*** Available data ***

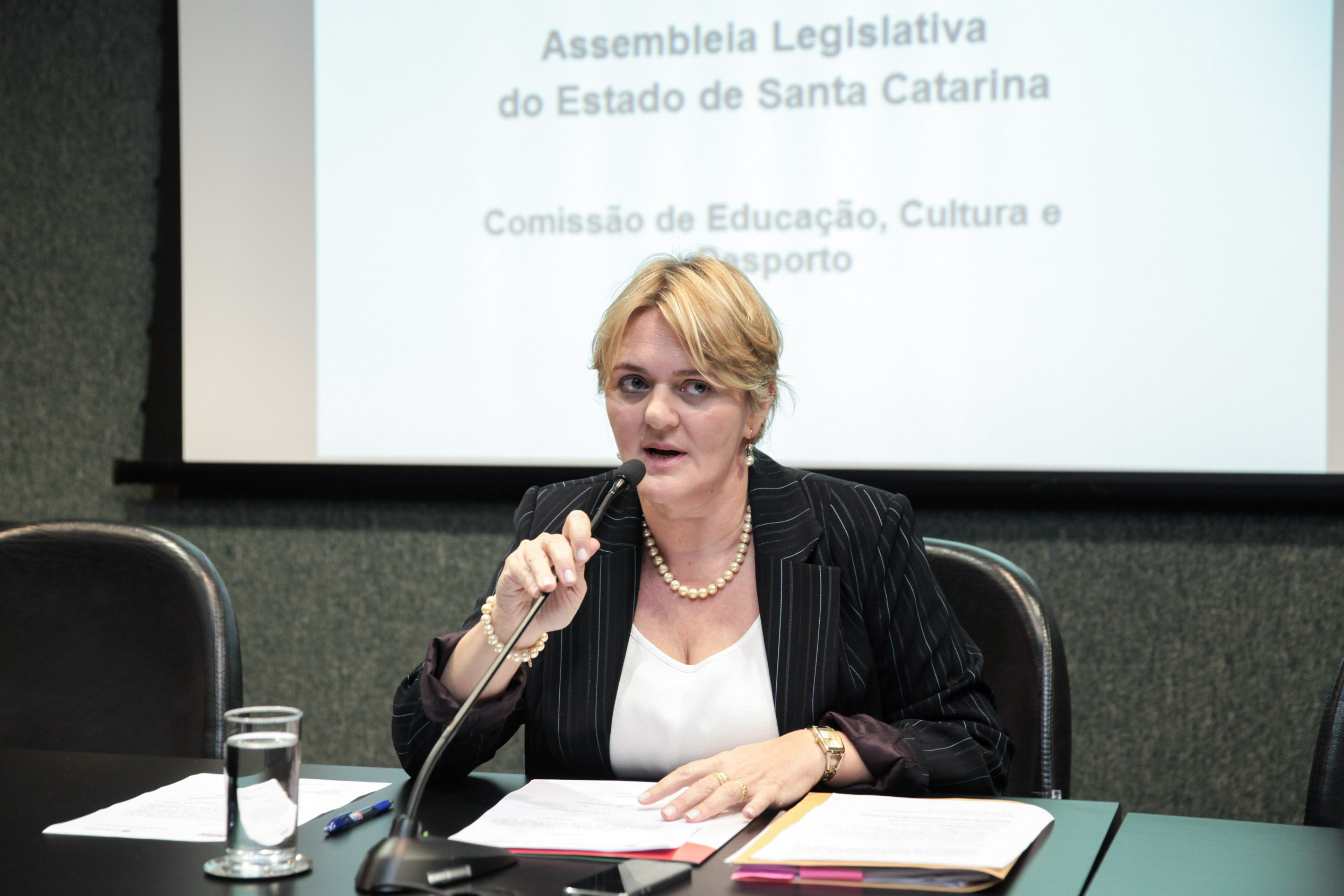 Deputada Luciane Carminatti (PT). Comissão de Educação Cultura e Desporto.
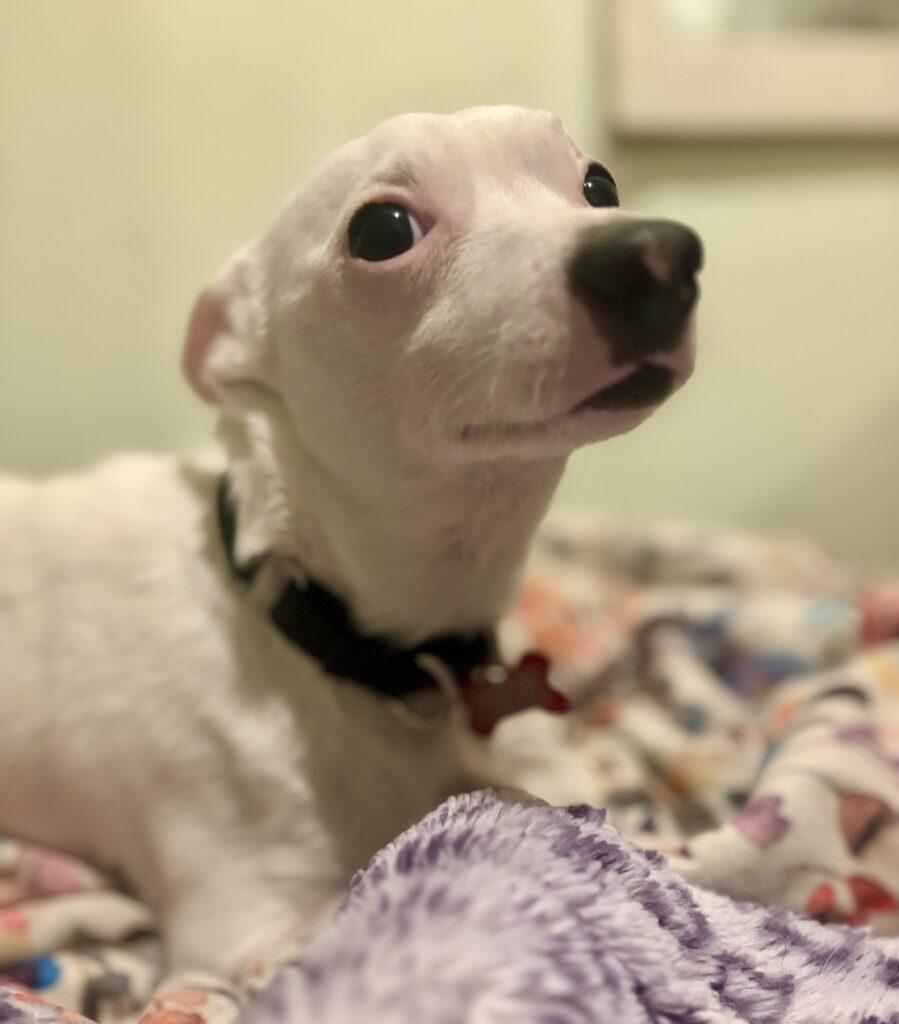 Enlarge Jasper, a ADOPTABLE mixed breed in Red Hook, NY image 5/6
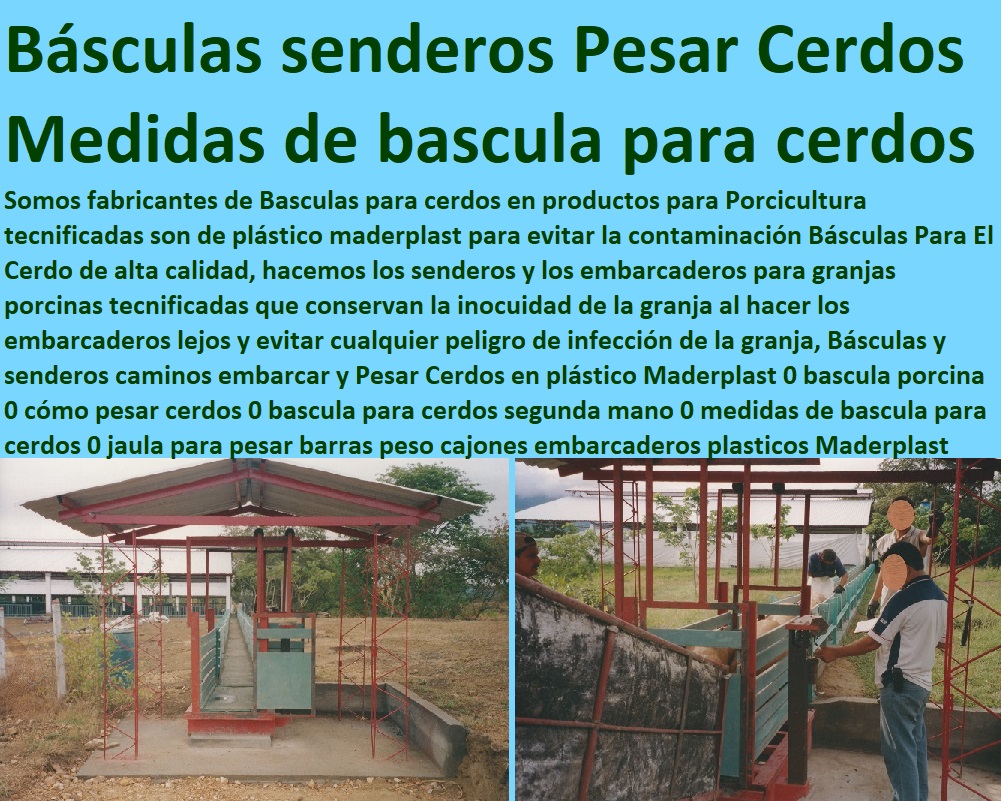 Básculas y senderos caminos embarcar y Pesar Cerdos en plástico Maderplast 0 bascula porcina 0 cómo pesar cerdos 0 bascula para cerdos segunda mano 0 medidas de bascula para cerdos 0 jaula para pesar barras peso cajones embarcaderos parideras, porcinas corral, gestación cerdas, parto cerda, lechonera, destete, jaula pre ceba porcinos, corraleja, ceba, engorde cerdos, porqueriza cría de lechones, pisos jaulas comederos, porcicultura jaulas, corrales, Básculas y senderos caminos embarcar y Pesar Cerdos en plástico Maderplast 0 bascula porcina 0 cómo pesar cerdos 0 bascula para cerdos segunda mano 0 medidas de bascula para cerdos 0 jaula para pesar barras peso cajones embarcaderos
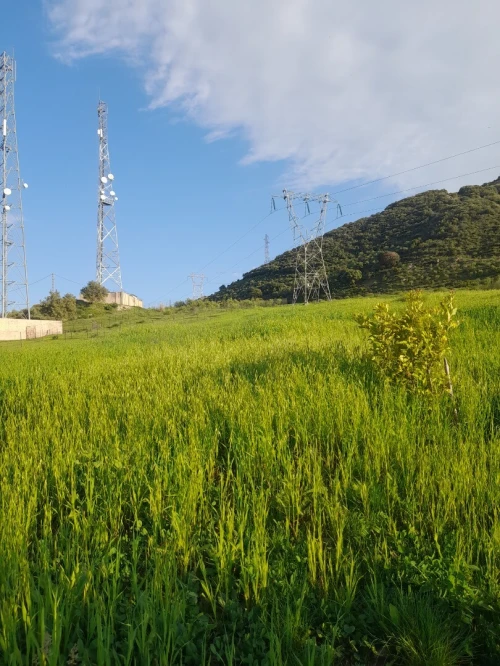 Vente Terrain Béjaïa Kherrata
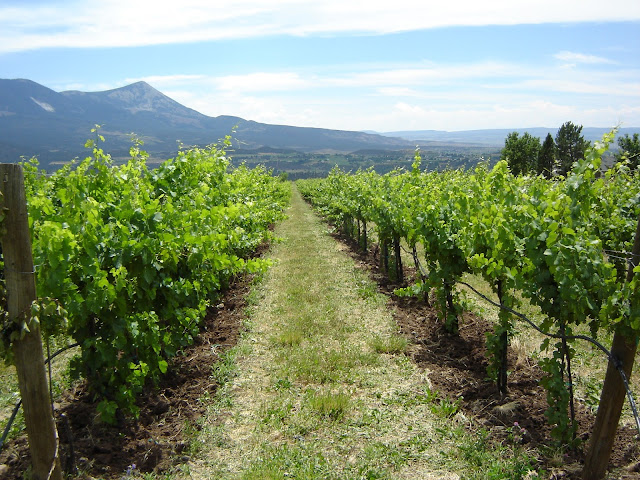 Vineyards 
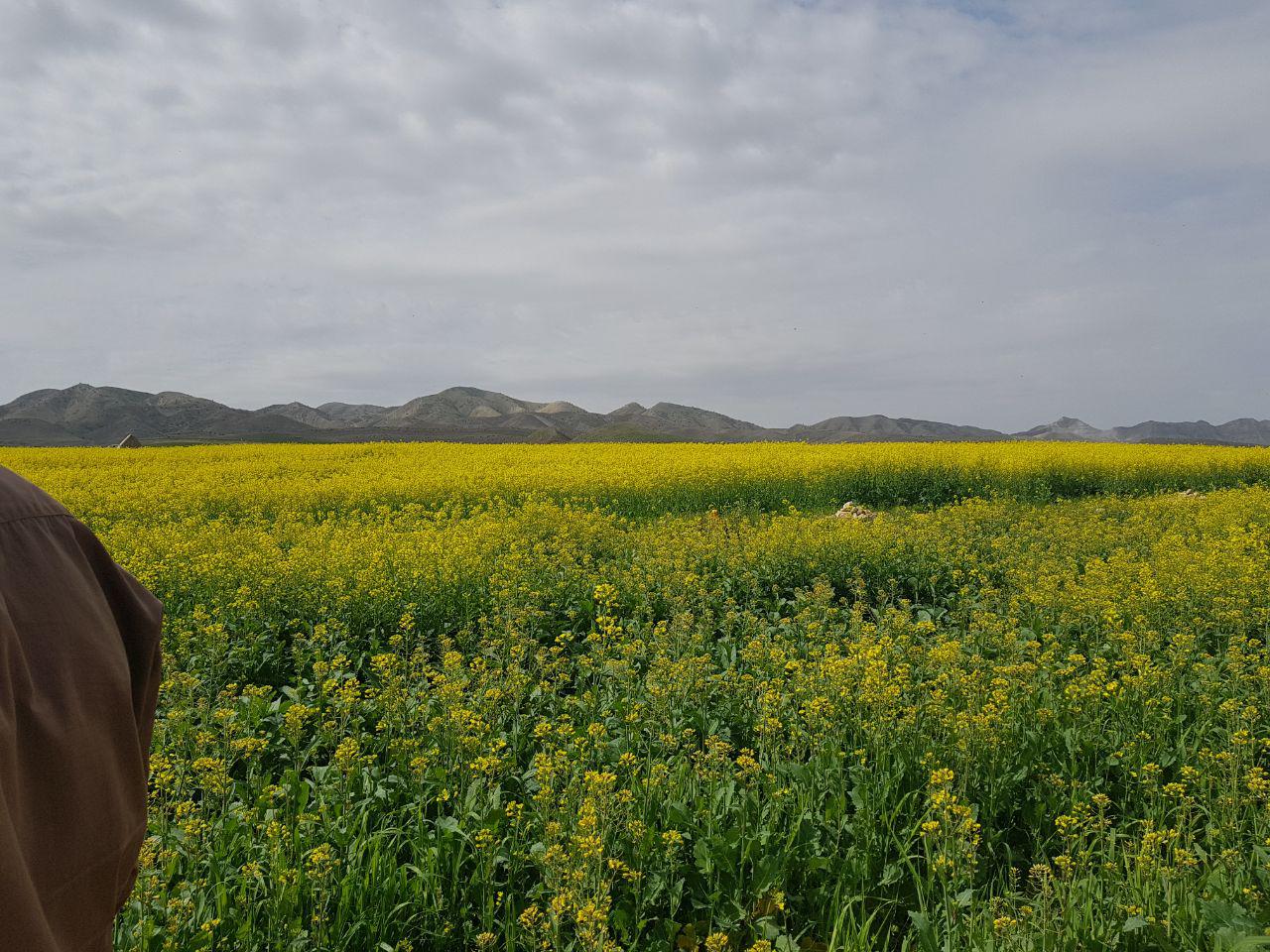 آغاز کشت محصولات کشاورزی در شهرستان گیلانغرب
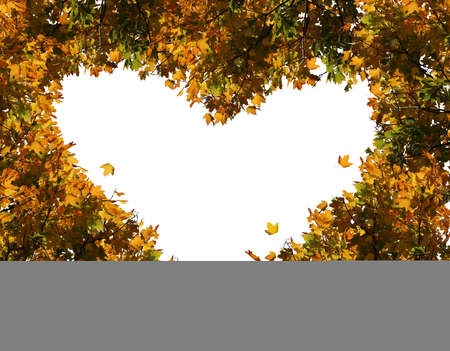 Colorful maple leaves in the shape of a heart.Autumn abstract natural backdrop. Romantic creative idea concept. Branch of autumn leaves isolated on white background. Fall foliage frame.の写真素材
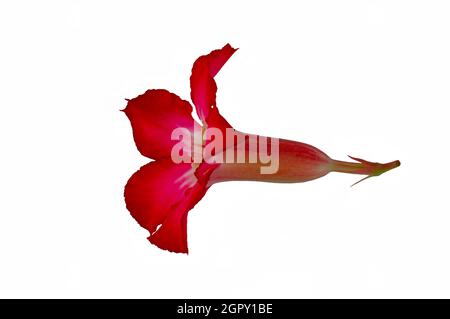 Frangipani giapponesi rossi o fiori di adenium, visti da un lato con un percorso di taglio Foto Stock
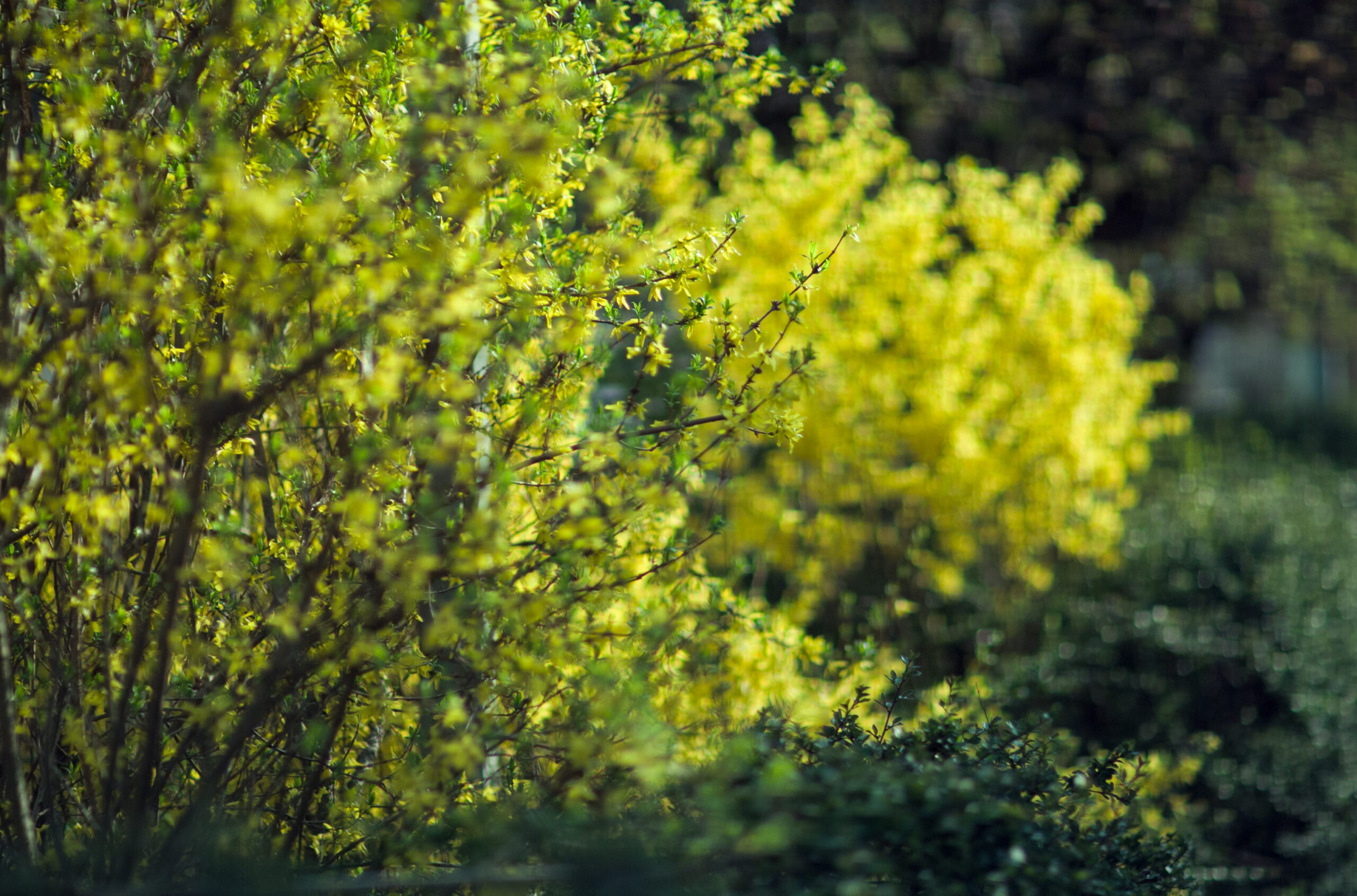 38n42645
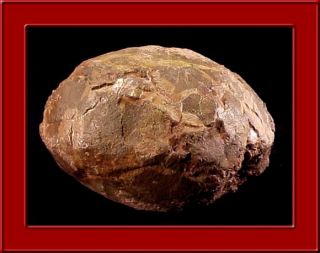  Authentic Prehistoric Hadrosaur Geniune Dinosaur Fossil Egg M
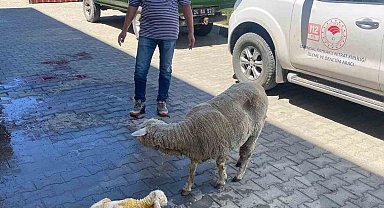 Erzincan'da zamanla yarış mutlu sonla bitti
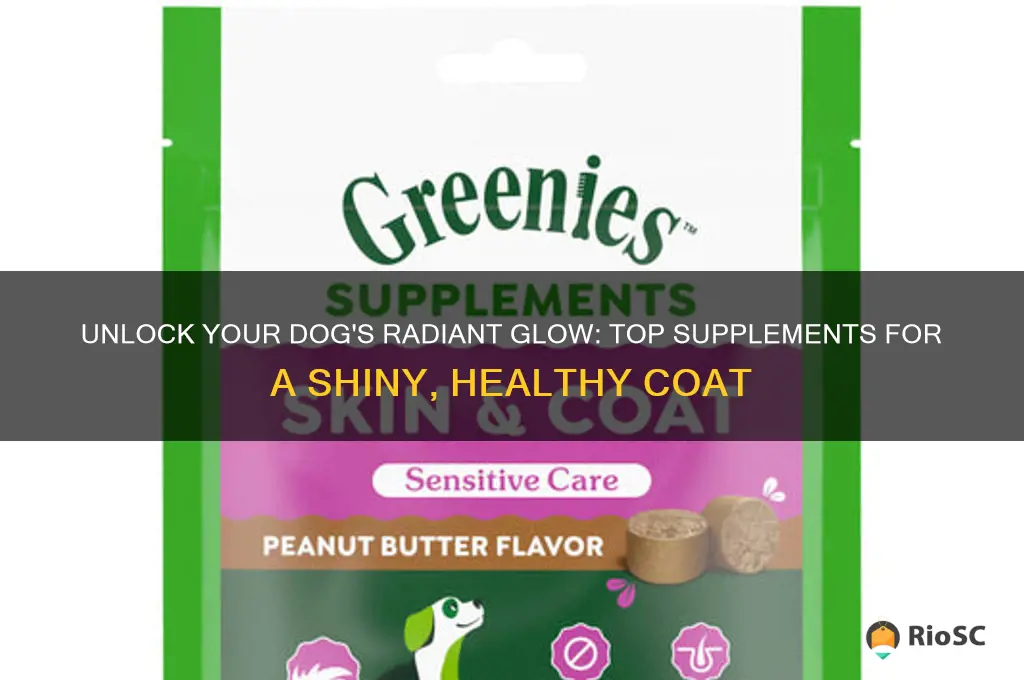 best dog supplement for shiny coat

*** End of Available data ***

- _Description of the task_: Keeping every word as it is, write out all the data and omit the pictures.

- _Output for this task_:
 Deputada Luciane Carminatti (PT). Comissão de Educação Cultura e Desporto.
 Enlarge Jasper, a ADOPTABLE mixed breed in Red Hook, NY image 5/6
 Básculas y senderos caminos embarcar y Pesar Cerdos en plástico Maderplast 0 bascula porcina 0 cómo pesar cerdos 0 bascula para cerdos segunda mano 0 medidas de bascula para cerdos 0 jaula para pesar barras peso cajones embarcaderos parideras, porcinas corral, gestación cerdas, parto cerda, lechonera, destete, jaula pre ceba porcinos, corraleja, ceba, engorde cerdos, porqueriza cría de lechones, pisos jaulas comederos, porcicultura jaulas, corrales, Básculas y senderos caminos embarcar y Pesar Cerdos en plástico Maderplast 0 bascula porcina 0 cómo pesar cerdos 0 bascula para cerdos segunda mano 0 medidas de bascula para cerdos 0 jaula para pesar barras peso cajones embarcaderos
 Vente Terrain Béjaïa Kherrata
 Vineyards 
 آغاز کشت محصولات کشاورزی در شهرستان گیلانغرب
 Colorful maple leaves in the shape of a heart.Autumn abstract natural backdrop. Romantic creative idea concept. Branch of autumn leaves isolated on white background. Fall foliage frame.の写真素材
 Frangipani giapponesi rossi o fiori di adenium, visti da un lato con un percorso di taglio Foto Stock
 38n42645
  Authentic Prehistoric Hadrosaur Geniune Dinosaur Fossil Egg M
 Erzincan'da zamanla yarış mutlu sonla bitti
 best dog supplement for shiny coat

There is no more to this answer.